Wir sprachen gerade über die Bauproduktenverordnung und die Maschinenrichtlinie. Gibt es auch speziell im Perimeterbereich eine Normierung?
Bernd Horst Sander: Die Entwicklung europäischer Qualitätsstandards für Freigelände-Sicherheitsprodukte wurde vor drei Jahren gestartet. Die Initiative zu dieser sehr wichtigen europäischen Normungsarbeit kam von den Niederländern. Und derzeit wird an einer reibungslosen Umsetzung gearbeitet. Erfahrungsgemäß dauert dies aber viele Jahre.
An welchen Punkten wird in diesem Zusammenhang gearbeitet?
Bernd Horst Sander: Die neue Normungsarbeit umfasst Außentore und Türen in Umzäunungen. Hinzu kommen Schranken, Drehkreuze und Schleusen, Poller, Straßensperren und sonstige Barrieren. Ebenfalls integriert sind Produkte aus der Elektronik sowie dem Sensorik- und Videobereich.

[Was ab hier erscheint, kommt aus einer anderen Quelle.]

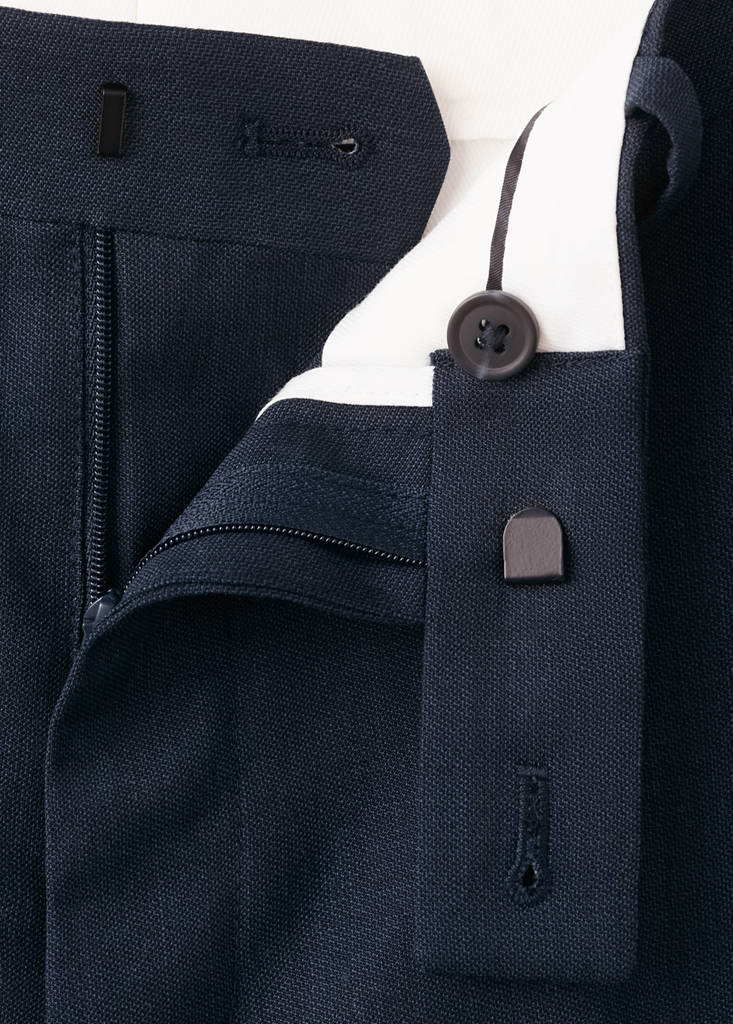 Turin 100% wool suit trousers — Ink Blue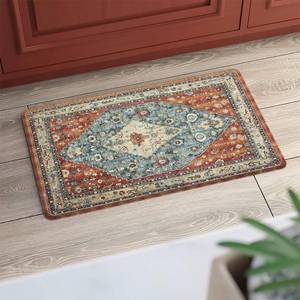 lot 9136 image: Collive Boho Kitchen Mats Cushioned Anti Fatigue Mats, Non-Slip Kitchen Floor Mats, Standing Kitchen Mats for Office, Sink, Laundry, 17x30 Red Waterproof Kitchen Rug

Wichtig bei der Normenarbeit ist auch die Zusammenarbeit mit Betreibern von Perimeter Protection-Systemen, wie z.B. dem Militär oder Betreibern sensibler Infrastrukturen. Der Perimeter-Schutz wird also im Rahmen der Normierung nach allen Seiten untersucht, wobei die technischen Aspekte deutlich im Vordergrund stehen. Aber bei der Normenarbeit werden auch Komponenten wie das Produktdesign berücksichtigt, die ebenfalls den EU-Sicherheitsvorgaben entsprechen müssen. Zukünftig gibt es auch eine genaue Regelung für die Implementierung von nachträglichen Elementen in bestehende Sicherheitssysteme.
Vielen Dank für das Gespräch, Herr Sander.